• On en rira avant qu'il soit temps.

    Ne pas avoir le temps pour y penser, ou ne pas en avoir l'envie tout simplement. Ne pas prendre le temps de le prendre, ce temps. Il s'écoule on fait quoi, on l'admire tranquillement. Sans en avoir l'air. Ouais si, un peu trop en fait. Il plane un peu trop.  Aussi il regarde un peu trop, pas assez de trop. En gros ca donne du tout ou rien.
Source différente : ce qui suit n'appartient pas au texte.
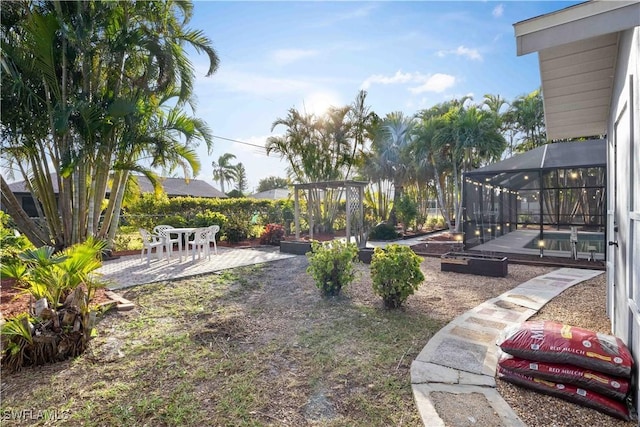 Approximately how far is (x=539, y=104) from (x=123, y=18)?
1999 centimetres

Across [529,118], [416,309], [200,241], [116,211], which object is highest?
[529,118]

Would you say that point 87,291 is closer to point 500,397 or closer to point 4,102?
point 500,397

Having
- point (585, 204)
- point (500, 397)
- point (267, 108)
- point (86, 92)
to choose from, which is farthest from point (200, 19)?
point (585, 204)

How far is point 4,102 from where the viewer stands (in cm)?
549

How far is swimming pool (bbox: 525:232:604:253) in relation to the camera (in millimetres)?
7722

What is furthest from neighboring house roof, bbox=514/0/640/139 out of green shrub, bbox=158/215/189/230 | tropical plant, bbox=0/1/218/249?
green shrub, bbox=158/215/189/230

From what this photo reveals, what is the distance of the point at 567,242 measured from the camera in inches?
357

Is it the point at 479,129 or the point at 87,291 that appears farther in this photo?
the point at 479,129

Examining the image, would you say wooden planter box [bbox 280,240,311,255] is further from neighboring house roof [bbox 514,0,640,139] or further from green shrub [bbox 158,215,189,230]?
neighboring house roof [bbox 514,0,640,139]

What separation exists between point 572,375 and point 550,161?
8.48 meters

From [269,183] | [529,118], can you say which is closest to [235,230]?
[529,118]

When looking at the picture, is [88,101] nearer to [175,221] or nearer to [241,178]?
[175,221]

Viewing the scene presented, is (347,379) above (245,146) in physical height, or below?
below

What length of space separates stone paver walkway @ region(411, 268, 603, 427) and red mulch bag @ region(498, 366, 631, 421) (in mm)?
165
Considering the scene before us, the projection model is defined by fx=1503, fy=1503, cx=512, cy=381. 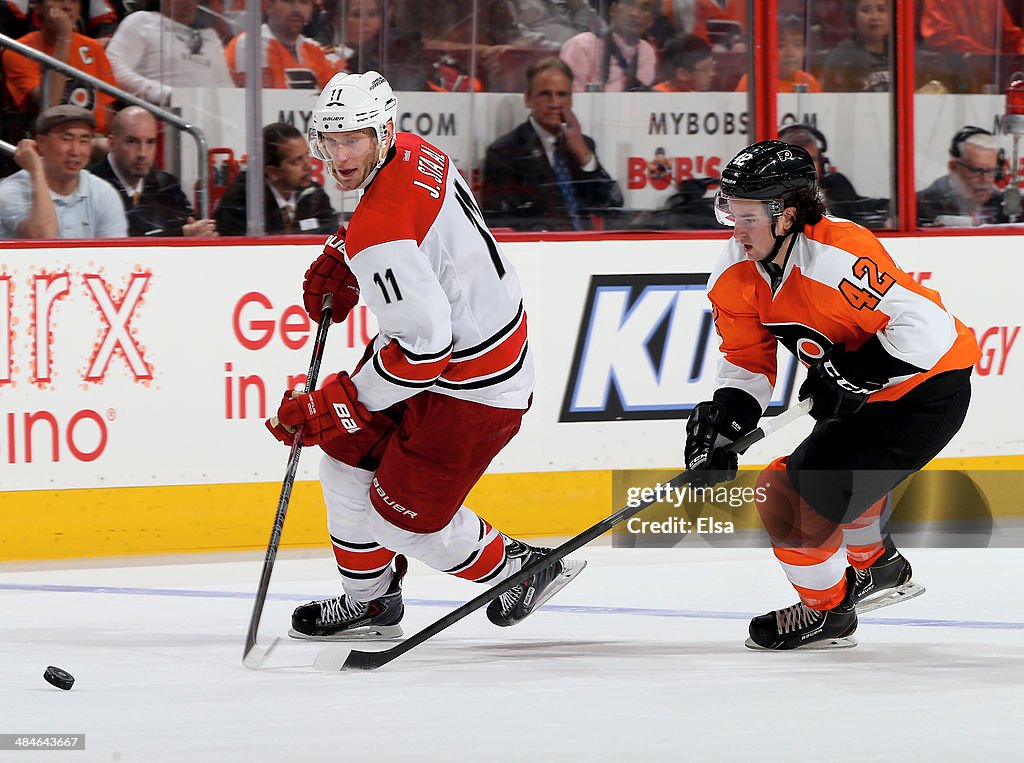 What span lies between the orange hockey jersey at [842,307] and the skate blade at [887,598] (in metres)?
0.68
    Il a ses yeux qui pourraient être un peu trop beaux, mais il préfère leur terne plutot que de leur donner ce qui leur manque. Tant pis pour leur gueule. Il n'a pas d'espoir, aucune envie. L'impression de tout avoir. C'est laid d'être blasé. Son air glacial et eux aussi. Ca représente un peu beaucoup ses pensées. Sans doute.

    Je lui avais dit que je m'en foutais, parfois faut me croire, m'écouter. C'est pas toujours facile à avaler, mais je ne dis pas que ça. Des conneries. Ouais ca va, j'ai dis presque. T'affoles pas. Je ne veux plus m'asseoir sur le rebord de cette fenêtre, pour rester dans le froid et regarder tout ça crever. Sans réagir pour devenir comme. Tout ça.

    Me cracher sa fumée dans la gueule. Comme pour me dire, je t'emmerde. Il sait pourtant que j'ai l'habitude. Ca ne m'étouffe même plus, ca ne l'amuse plus non plus. Je sais respirer et même m'en tirer. Je sais aussi m'égratiner. Surtout quand le poing frotte contre ce mur, discrètement et dans le silence. Un peu comme toujours, il me dira.

    Je sais. Je ne sais pas parler, je ne sais qu'enchainer tout et rien. Je sais, je ne sais pas. Juste le fait que j'y crois un peu plus que lui, lui aurait suffit. Je sais, je n'ai pas le droit d'écrire tout ça. D'étaler mes états d'âme, le tout sans états d'âme. Autant monter sur un toit pour crier tout ce qui ne va pas. A la limite, ca ferait moins de mal. A la limite je m'en fous un peu. On se détruit comme on peut.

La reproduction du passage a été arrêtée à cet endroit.